TOKYO (REUTERS) - Asian stocks edged up on Thursday (March 10), encouraged by a rally in crude oil prices and expectations that the European Central Bank will ease policy later in the day, emulating policymakers elsewhere seeking to bolster their struggling economies.
"The euro's weakness is indicating something positive out of the ECB meeting, so the market may rise further in the afternoon," said Hiroaki Mino, director of investment information department at Mizuho Securities in Tokyo.
MSCI's broadest index of Asia-Pacific shares outside Japan nudged up 0.4 per cent. Volatile Shanghai stocks, however, dropped 1.2 per cent.
Australian shares added 0.3 per cent and South Korea's KOSPI rose 0.6 per cent. Hong Kong's Hang Seng gained 0.7 per cent and Japan's Nikkei climbed 1 per cent.

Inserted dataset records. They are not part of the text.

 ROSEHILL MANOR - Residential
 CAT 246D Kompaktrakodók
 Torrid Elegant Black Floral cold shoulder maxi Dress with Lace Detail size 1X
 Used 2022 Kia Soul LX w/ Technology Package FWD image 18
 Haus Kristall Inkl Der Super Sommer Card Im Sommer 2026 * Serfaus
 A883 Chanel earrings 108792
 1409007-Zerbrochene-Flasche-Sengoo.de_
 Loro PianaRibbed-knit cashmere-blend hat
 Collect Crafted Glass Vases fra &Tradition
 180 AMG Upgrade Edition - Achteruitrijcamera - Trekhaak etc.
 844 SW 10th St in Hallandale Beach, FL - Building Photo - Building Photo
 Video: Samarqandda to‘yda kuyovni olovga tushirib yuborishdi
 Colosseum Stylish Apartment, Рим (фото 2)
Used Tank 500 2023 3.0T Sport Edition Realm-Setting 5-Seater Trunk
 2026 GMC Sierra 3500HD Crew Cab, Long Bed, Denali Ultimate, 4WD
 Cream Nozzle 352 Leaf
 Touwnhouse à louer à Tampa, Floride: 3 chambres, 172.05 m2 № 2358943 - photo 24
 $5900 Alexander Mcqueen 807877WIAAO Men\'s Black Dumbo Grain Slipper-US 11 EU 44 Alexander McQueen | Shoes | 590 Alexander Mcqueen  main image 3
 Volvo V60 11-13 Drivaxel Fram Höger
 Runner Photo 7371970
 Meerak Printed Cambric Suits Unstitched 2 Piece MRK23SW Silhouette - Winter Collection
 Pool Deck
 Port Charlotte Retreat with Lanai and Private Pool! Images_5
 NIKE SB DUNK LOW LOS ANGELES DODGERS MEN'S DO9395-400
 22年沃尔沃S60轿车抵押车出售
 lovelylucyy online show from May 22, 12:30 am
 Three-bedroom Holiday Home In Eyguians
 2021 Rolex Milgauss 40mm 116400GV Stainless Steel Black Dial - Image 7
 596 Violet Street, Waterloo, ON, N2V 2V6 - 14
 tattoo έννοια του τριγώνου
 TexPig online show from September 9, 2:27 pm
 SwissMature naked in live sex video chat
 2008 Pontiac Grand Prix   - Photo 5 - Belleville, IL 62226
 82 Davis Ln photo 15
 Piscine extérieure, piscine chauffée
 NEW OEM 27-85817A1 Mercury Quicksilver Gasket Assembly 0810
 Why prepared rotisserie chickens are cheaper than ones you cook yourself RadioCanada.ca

Singapore's Straits Times Index was trading up 0.2 per cent at 2,816.19 as os 12:15 pm.
The focus of investors was on how much the ECB, which had already cut rates into negative territory, would ease.
"The ECB is tonight widely expected to increase the amount of securities it buys from the market each month, as well as moving interest rates further into negative territory," wrote Michael McCarthy, chief market strategist at CMC Markets.
"However, there are also market discussions around the idea that the ECB may be pushing on a piece of string, and that any stimulatory impacts of negative rates is overwhelmed by the signalling effect that Europe is in crisis."
Euro zone government bond yields and short-term interest rates fell earlier this week after weak Chinese trade data further enhanced worries about the health of the global economy.
But after the ECB failed to meet the markets' high expectations in December, traders remain wary about another disappointing outcome.
The big surprise in Asia on Thursday came from New Zealand's central bank, which cut the benchmark cash rate to a record low of 2.25 per cent.
Reserve Bank of New Zealand Governor Graeme Wheeler cited China as a major risk to the bank's outlook for economic growth and inflation, reflecting global concerns over a slowdown in the world's second-biggest economy.
"If China had a very significant and prolonged devaluation, it would in essence spread deflation around the world," Mr Wheeler told reporters, adding that China was building up a number of serious imbalances.
In recent months, gloom over China, tumbling commodity prices and deflationary pressures have prompted aggressive easing by central banks, including a move to negative rates by the Bank of Japan in January.
In currencies, the euro dipped 0.1 per cent to US$1.0984 with a wait-and-see mood ahead of the ECB decision limiting movements.
The US dollar rose 0.3 per cent to 113.61 yen against the safe-haven Japanese currency as equity and commodity market gains improved risk appetite.
The New Zealand dollar was a much bigger mover after the RBNZ's unexpected rate cut. The kiwi hit a one-week low of US$0.6618 after sliding well over 1 per cent following the RBNZ's rate cut.
Oil prices stood tall after surging overnight after a large US gasoline inventory drawdown amid improving demand overshadowed growing record high crude stockpiles.
Speculation that top oil producers might agree soon to an output freeze also supported crude prices. US crude futures was at US$38.24 a barrel, having surged nearly 5 per cent to hit a three-month high of US$38.51 on Wednesday.
The bounce in crude oil and the Bank of Canada's decision on Wednesday to refrain from cutting interest rates boosted the Canadian dollar, which hovered near a four-month high of C$1.3230 per dollar.